Provided material →
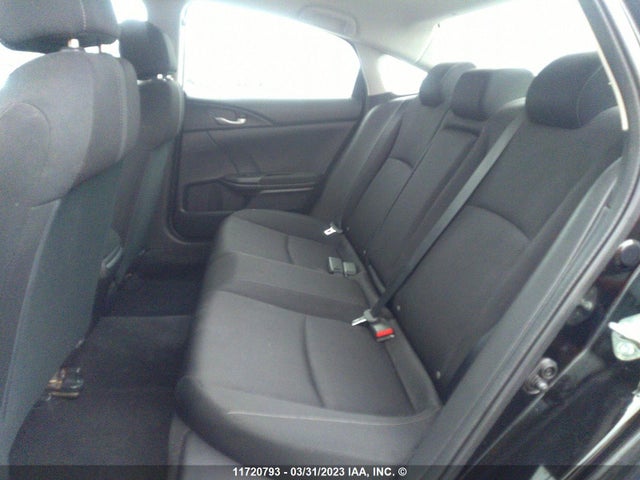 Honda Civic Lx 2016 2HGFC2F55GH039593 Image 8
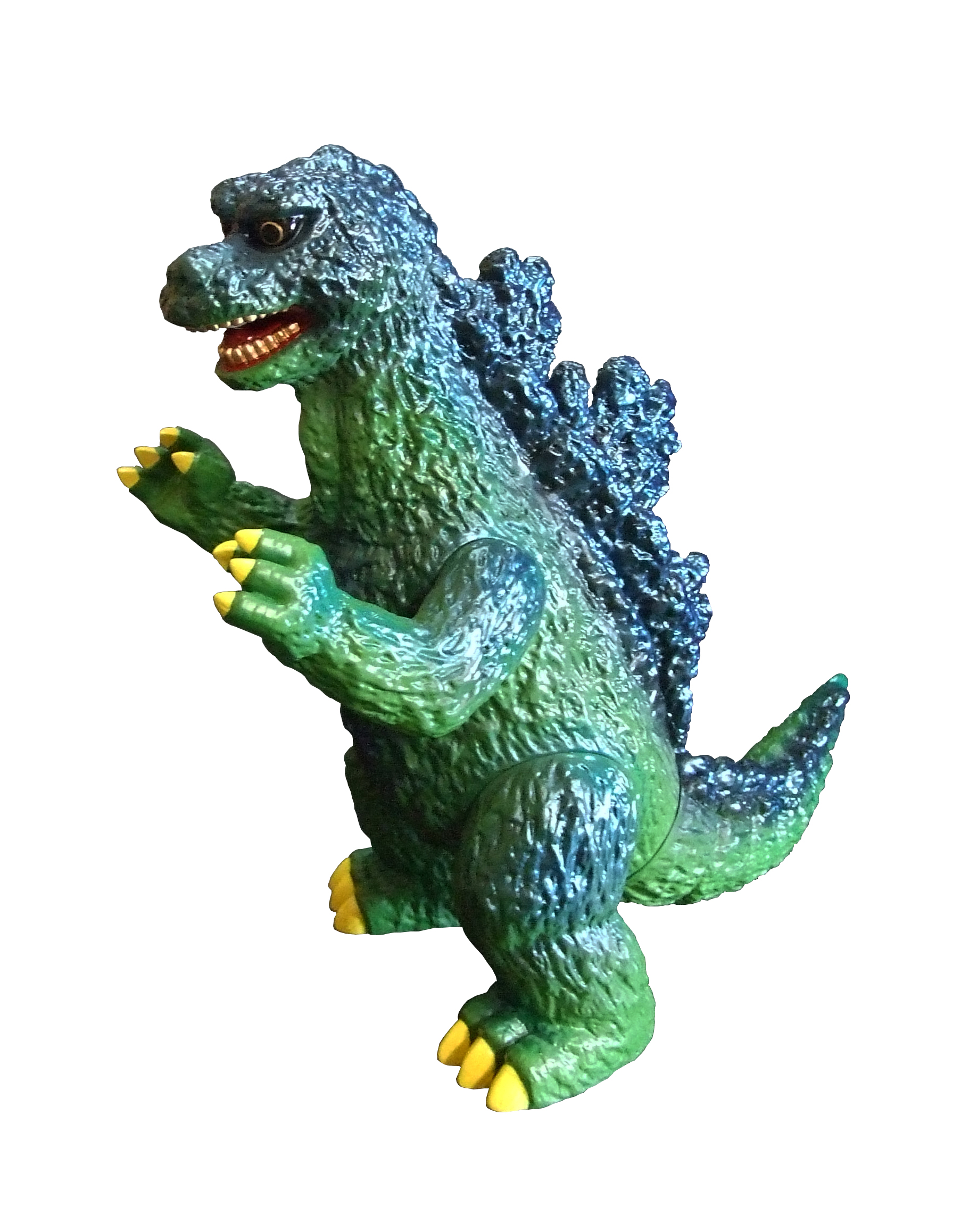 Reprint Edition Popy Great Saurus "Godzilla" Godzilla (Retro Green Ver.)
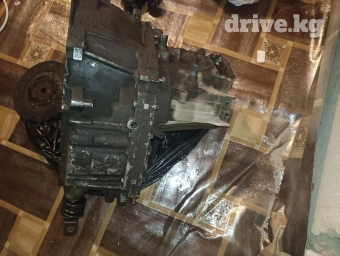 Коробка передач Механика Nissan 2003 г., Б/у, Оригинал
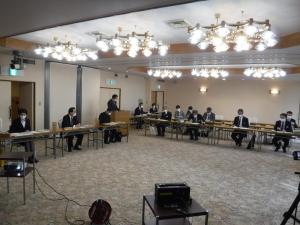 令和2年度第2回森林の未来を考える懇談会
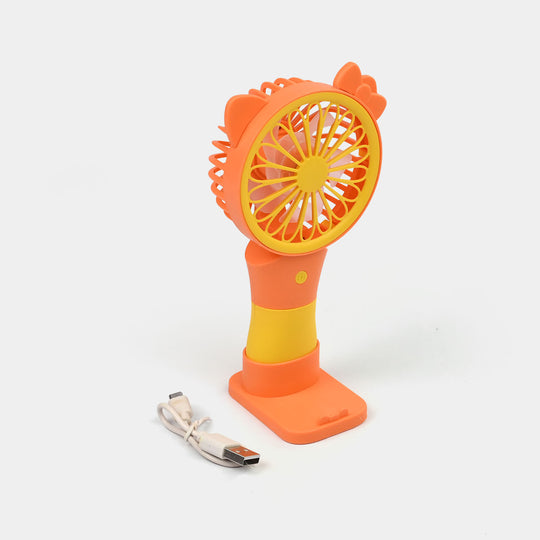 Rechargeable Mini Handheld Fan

* * *

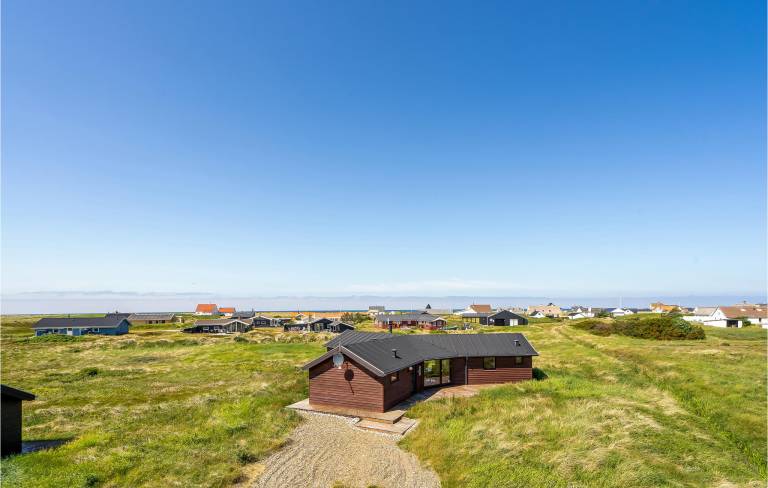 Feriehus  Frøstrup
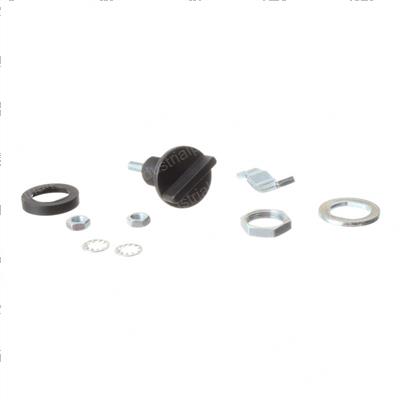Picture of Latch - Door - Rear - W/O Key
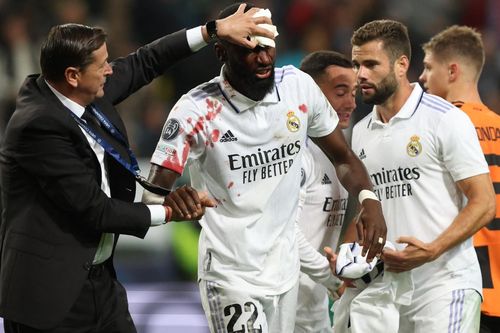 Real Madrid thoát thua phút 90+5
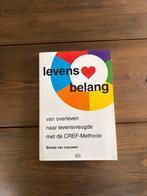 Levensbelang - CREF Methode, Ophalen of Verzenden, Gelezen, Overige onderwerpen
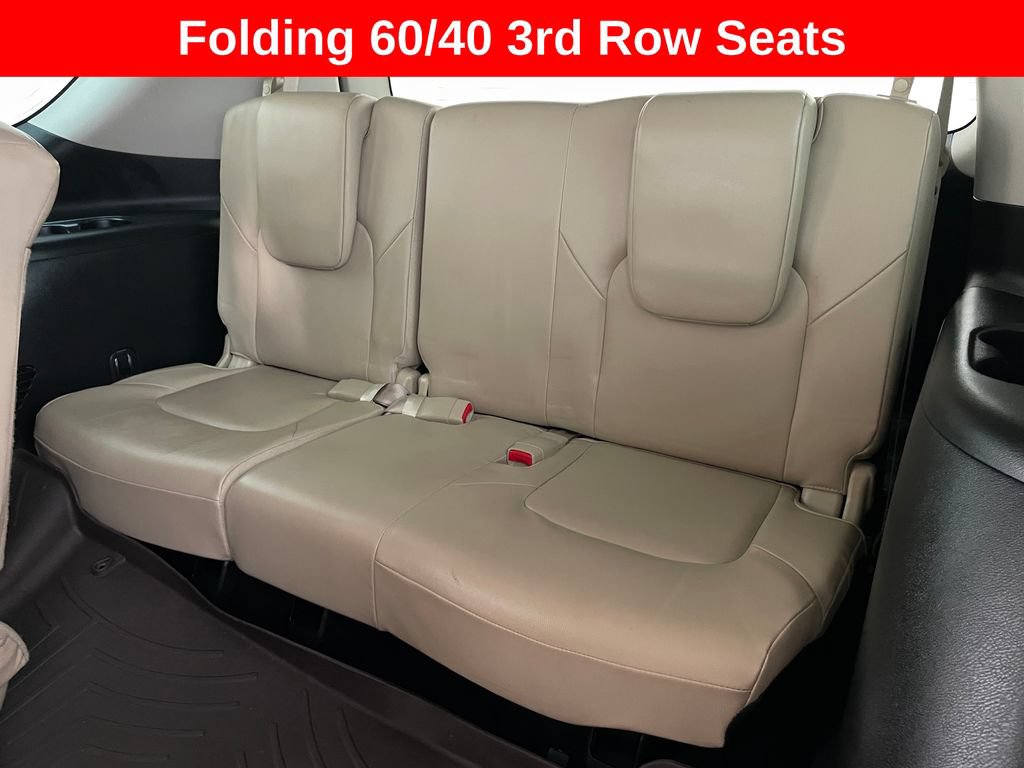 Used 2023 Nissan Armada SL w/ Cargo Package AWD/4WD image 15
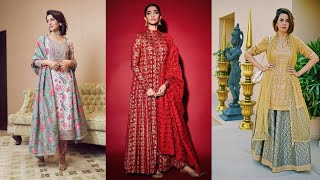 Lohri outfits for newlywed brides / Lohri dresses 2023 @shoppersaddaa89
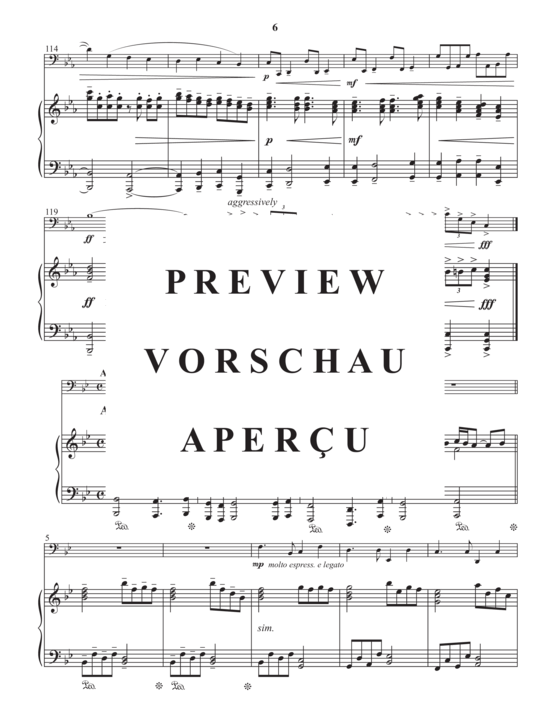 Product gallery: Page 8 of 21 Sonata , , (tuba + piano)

--

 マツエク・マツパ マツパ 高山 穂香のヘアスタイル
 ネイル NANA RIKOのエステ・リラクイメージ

Exercise aim →
Copy out exactly the lines above beginning with the line that contains "Picture of Latch - Door - Rear - W/O Key" and finishing with the line that contains "Lohri outfits for", including both; leave the pictures out.

Exercise response →
Picture of Latch - Door - Rear - W/O Key
 Real Madrid thoát thua phút 90+5
 Levensbelang - CREF Methode, Ophalen of Verzenden, Gelezen, Overige onderwerpen
 Used 2023 Nissan Armada SL w/ Cargo Package AWD/4WD image 15
 Lohri outfits for newlywed brides / Lohri dresses 2023 @shoppersaddaa89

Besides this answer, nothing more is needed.